The hotels and resorts industry suffered large revenue declines in 2008-09 and 2009-10, when the global financial crisis wrought havoc on consumer sentiment and business confidence. For this reason, industry revenue is estimated to decline by an annualised 0.4% over the five years through 2012-13, to total $5.77 billion.
The hotels and resorts industry has responded well in the years since the financial crisis and has posted revenue gains in each of the past two years. Many hotel and resort operators reacted to the adverse economic conditions by cutting room rates and offering additional perks and services as part of packaged deals. While average takings per room remain low by historic standards, the industry's occupancy rate has reached a historic high of 72%. On the back of the high occupancy rate, particularly in city markets, revenue is expected to increase by 1.6% in 2012-13.

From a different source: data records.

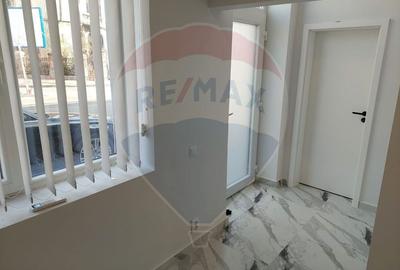 Spațiu comercial, de 53.799999237061 mp, în Unirii - 5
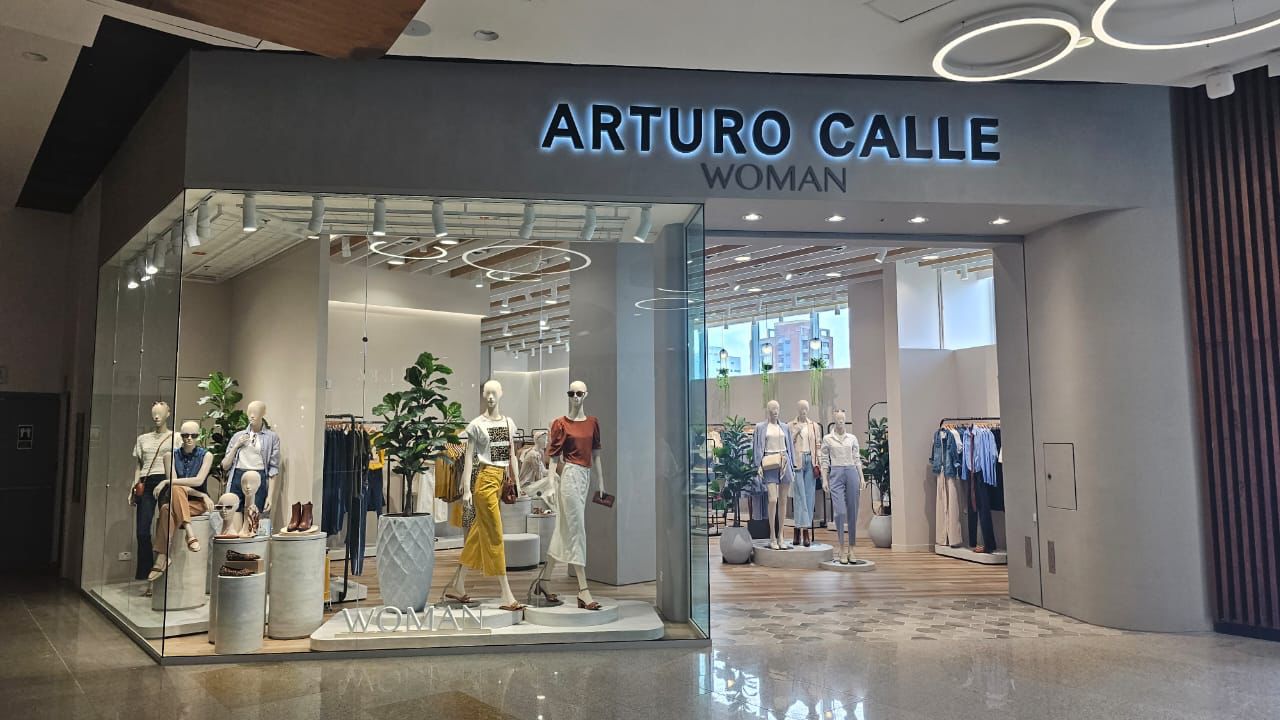 Tienda Arturo Calle, Barranquilla Centro comercial Mall Plaza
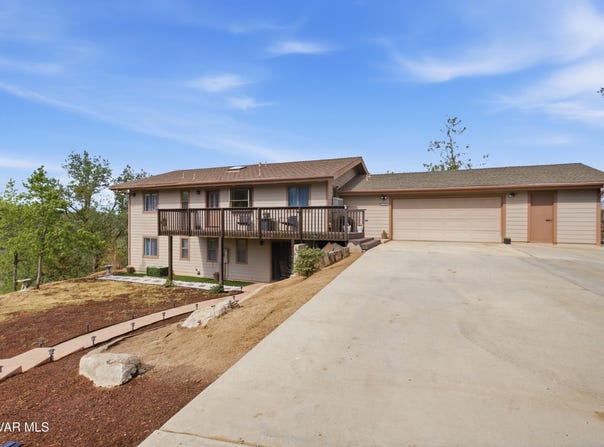 26201 Cumberland Road, Tehachapi, CA 93561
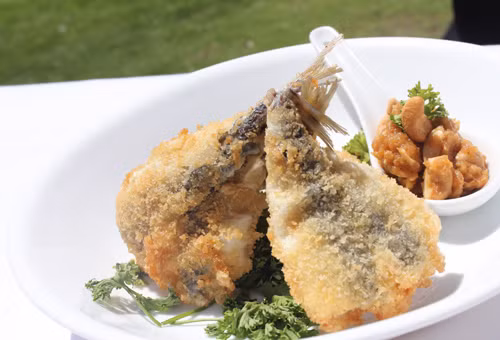 Món ăn này chế biến cực kỳ đơn giản. Bạn chỉ cần làm sạch cá trích, ướp cá với hành khô và gia vị cho ngấm, rồi đổ bột chiên giòn vào lắc đều, sau đó cho vào chảo chiên ngập dầu là đã có món ăn tuyệt vời. Ảnh: Zing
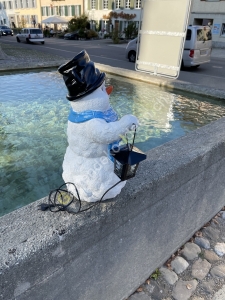 Beleuchteter Schneemann aussen mit Laterne und Topf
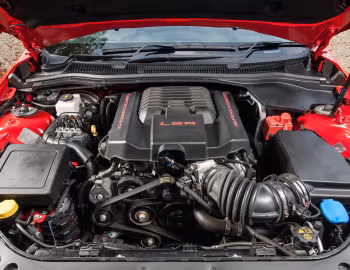 Sob o capô Vauxhall VXR8 Maloo '2015–17
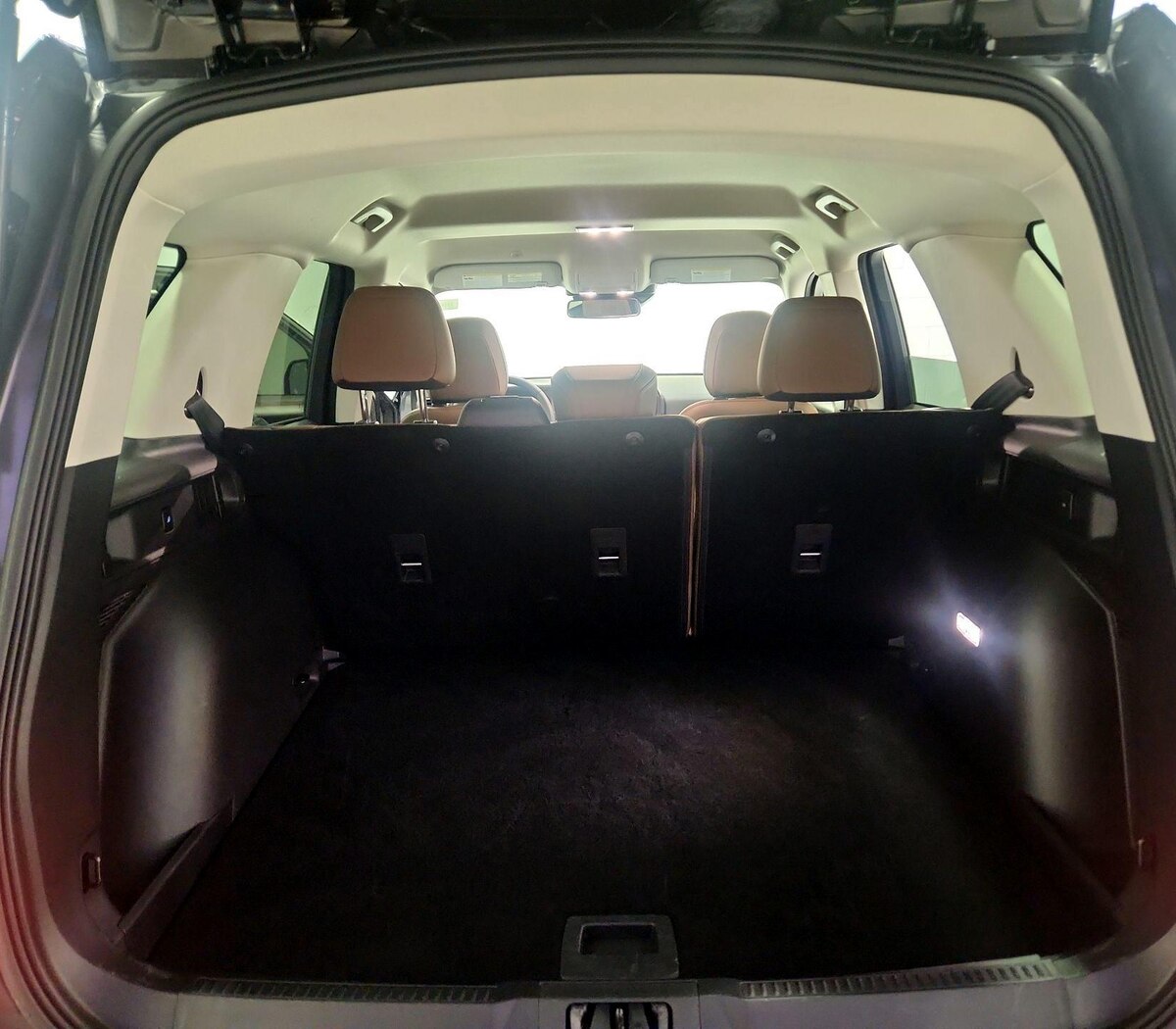 Trunk/Cargo (Seats Up)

In 2012-13, the industry is estimated to employ 66,800 people, down substantially over the past five years. The fall in employment numbers has been a result of hotel and resort operators seeking to cut costs in response to the global financial crisis. More employees have moved into part-time or casual positions as operators have sought to cut fixed costs. In the five years though 2012-13, the industry has slashed $36.1 million in wage costs.

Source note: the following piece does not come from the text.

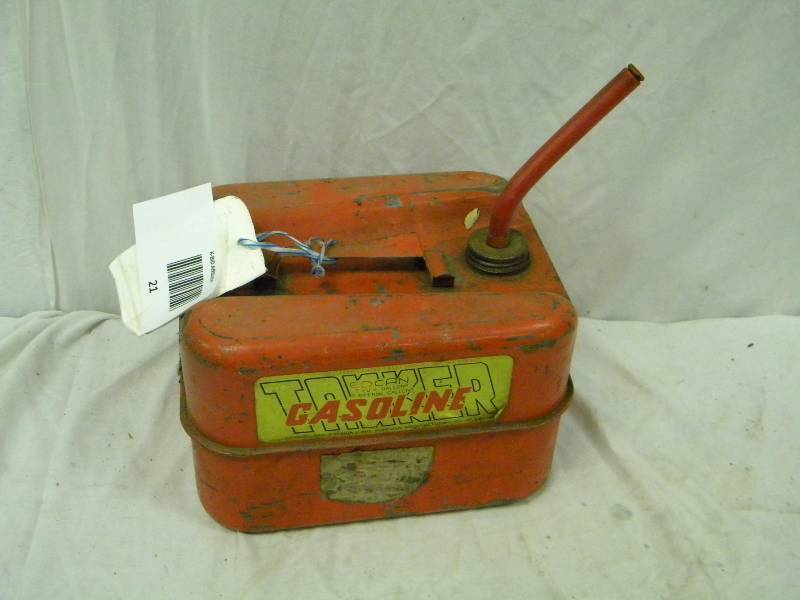 lot 21 image: Vintage Gas Can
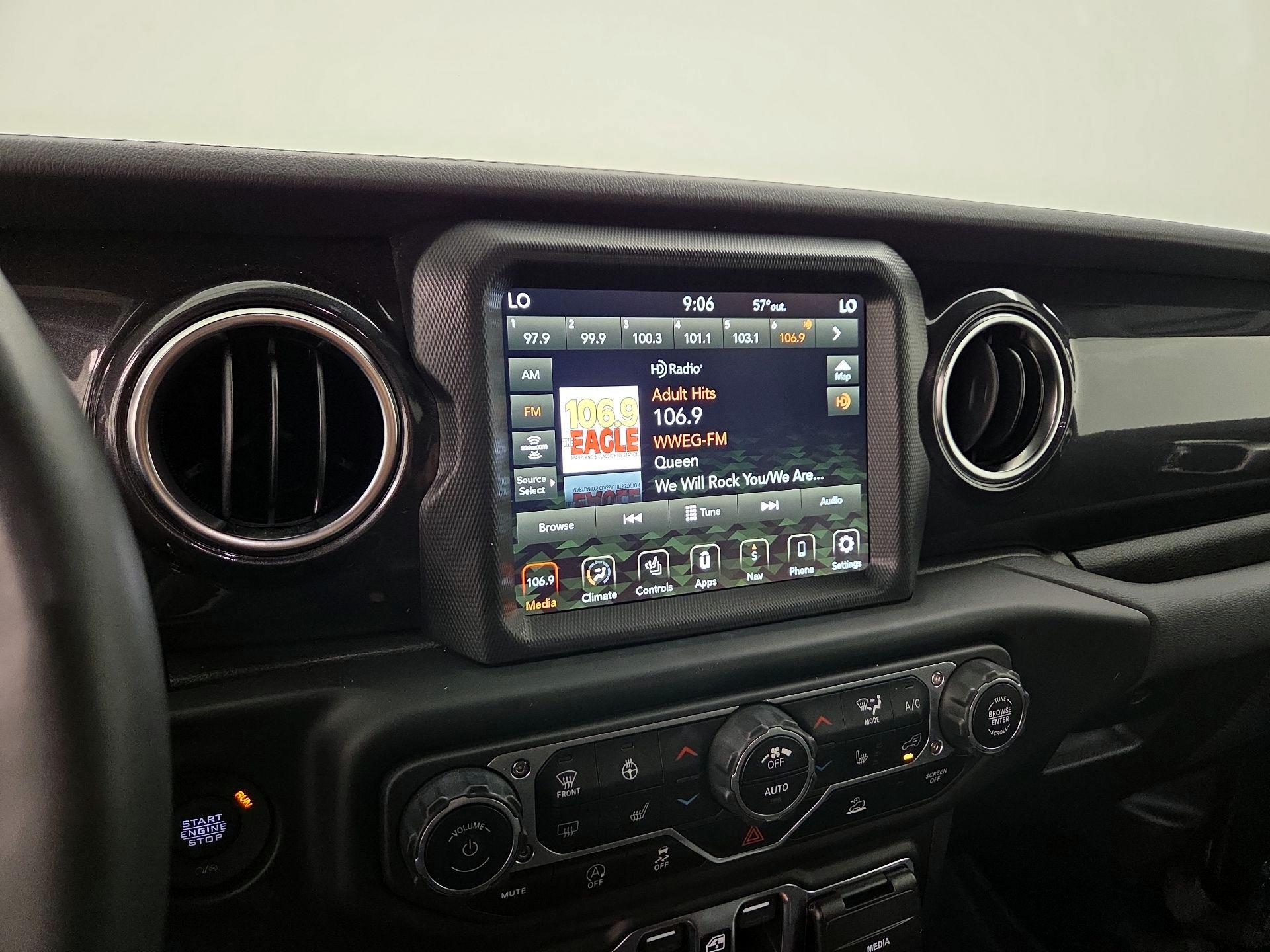 Thumbnail: 2023 Jeep Wrangler - 16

Domestic tourism has been weak over the past five years as Australians have taken advantage of cheap flights to Asia and a favourable exchange rate. Australians are spending 8.6% less on domestic holidays in 2012 than they did 10 years ago. However, the tourism slack has been picked up by international arrivals, especially from Asian countries like China. This has been the main contributor to the industry's growth over the past decade.
The hotels and resorts industry is well positioned to take advantage of the tourism market's paradigm shift towards more Asian travellers. Industry revenue is expected to increase by an annualised 1.8% over the next five years, to total $6.31 billion in 2017-18.